Mi mamá y su hermana mayor eran las que más deseaban irse de allá. Estudiar, trabajar, alquilar un departamento en Capital y más tarde formar una familia distinta a la suya . Y lo hicieron. Tuvieron marido, hijos o mascotas, casa y carrera. Así pasaron de la estrechez a una holgada clase media. Consiguieron mucho y, sin embargo, no fue suficiente.

Mi tía murió de cáncer y mi mamá enloqueció .

¿Habrá sido contra este pasado o contra lo que siguió? El divorcio, la nueva vida de su ex marido, el cansancio de criar a dos hijas, la vejez, la soledad, la falta de trabajo, la poca plata, que todo vuelva al mismo lugar en dónde empezó.

Pobreza, culpa, separaciones, vejez. Entonces a cualquiera le puede pasar. Sí. No. Tal vez. Por las dudas, preguntármelo era una forma desesperada de prevenir, no fuera cosa que yo también. No fuera cosa que esa herencia maldita , como la catalepsia, se despertara en mí o me enterrara viva. Un terapeuta me dijo una vez que me quedara tranquila, que a mí no iba a pasar.

Hace dos años la llevamos a un geriátrico en Mercedes, provincia de Buenos Aires, donde hay arroyo, campo y vacas que ella no puede ver porque cuando la visitamos nos quedamos en la ciudad. El lugar es tranquilo y en el fondo hay gallinas, como las que tenían en la casaquinta de La Reja. No me sale la palabra agradable para un geriátrico , pero es amplio, luminoso y económico.
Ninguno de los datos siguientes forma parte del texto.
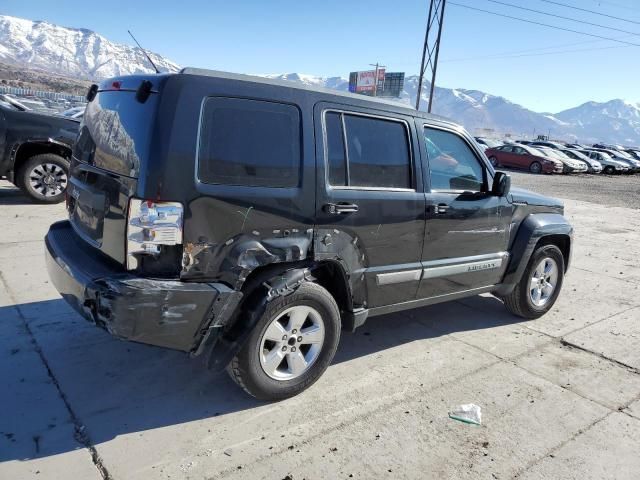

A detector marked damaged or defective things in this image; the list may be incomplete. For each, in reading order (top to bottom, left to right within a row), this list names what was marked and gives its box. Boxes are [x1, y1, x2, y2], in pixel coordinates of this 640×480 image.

damaged rear bumper corner [43, 221, 241, 352]
broken taillight housing [126, 198, 184, 270]
damaged jeep suv [45, 69, 576, 400]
En Capital cuestan una fortuna y son una caja de zapatos, oscura, cuando no sucia, y deprimente.

Voy y vuelvo en el día, y es más el tiempo que estoy viajando en el Sarmiento o el 57 que las horas que comparto con ella. La paso a buscar en un taxi, vamos a la consulta médica y después la llevo a La Recova, un bar enfrente de la plaza principal.
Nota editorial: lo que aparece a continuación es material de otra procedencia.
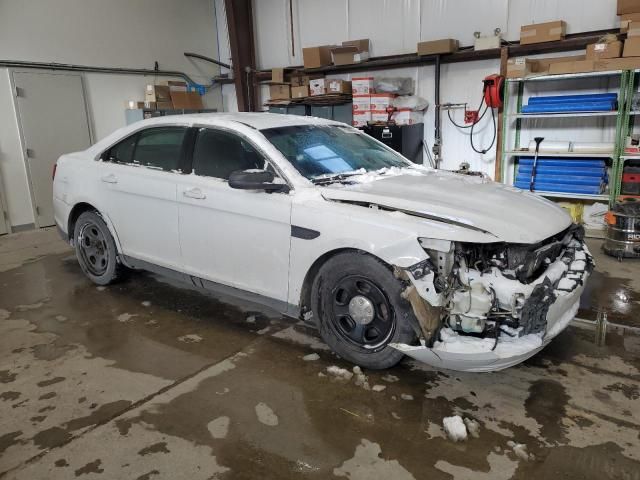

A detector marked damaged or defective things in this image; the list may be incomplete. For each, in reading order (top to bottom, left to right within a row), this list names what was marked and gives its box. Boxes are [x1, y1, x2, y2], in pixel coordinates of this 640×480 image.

crumpled hood [322, 171, 572, 244]
severe front damage [392, 223, 592, 374]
Mi mamá siempre pide lo mismo : té con leche y tres alfajorcitos de maicena. Le cuento algunas cosas de mi vida, ella me da consejos sobre mi salud, me pasa recetas de cocina, lee lo que escribo. Me entrega notas en las que dispone cuáles van a ser nuestros regalos de cumpleaños o de Navidad.

Pienso en cómo se dan las cosas. Ella que quiso dejar la provincia para ir a la gran ciudad vuelve a la vida provinciana, ella que se imaginaba como una profesional exitosa a los 50 está encerrada en un geriátrico con mujeres y hombres que le llevan 20 y 30 años, achacados pero longevos, que le cuentan sus vidas de pueblo. Con los viejos siempre hizo buenas migas.
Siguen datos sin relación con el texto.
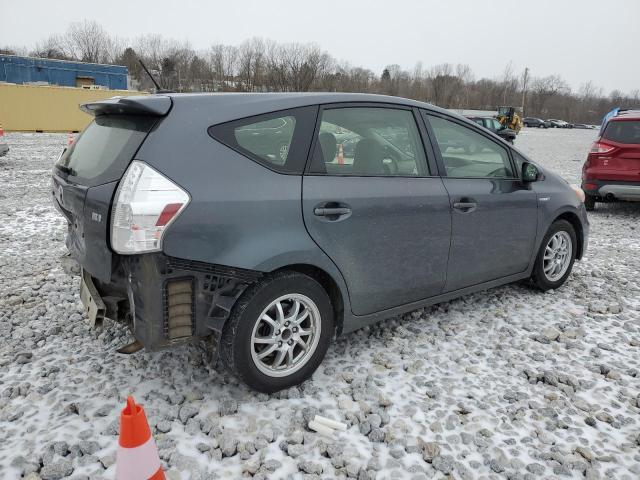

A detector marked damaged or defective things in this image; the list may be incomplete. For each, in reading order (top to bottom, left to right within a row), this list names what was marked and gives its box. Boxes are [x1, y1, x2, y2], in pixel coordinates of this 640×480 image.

damaged rear bumper [74, 253, 262, 350]
cracked bumper cover [88, 253, 262, 350]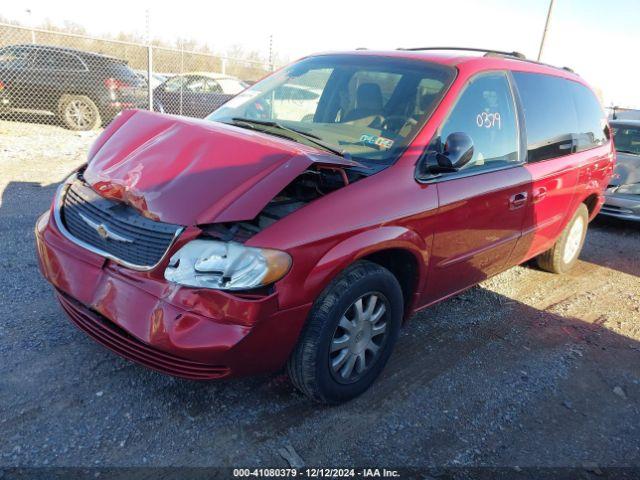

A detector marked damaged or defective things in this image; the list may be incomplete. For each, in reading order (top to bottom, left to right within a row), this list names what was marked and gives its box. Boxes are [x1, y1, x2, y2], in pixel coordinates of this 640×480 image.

crumpled hood [82, 109, 358, 226]
crumpled hood [608, 152, 640, 186]
damaged red minivan [36, 48, 616, 404]
exposed headlight assembly [164, 239, 292, 290]
broken headlight [164, 239, 292, 290]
Hubo mejoras, retrocesos y mesetas, pero nada volvió a ser como antes. Sus palabras cambiaron, su cara cambió, su pelo, sus ojos, su piel suave, ahora escamosa por la medicación y la edad, su cuerpo, sus hábitos; lo único que quedó inalterable fue su voz . Su voz y su olor. La misma voz y el mismo olor que yo iba a buscar en las noches de miedo, cuando me sentaba en su falda y me contaba otras historias. Historias hermosas.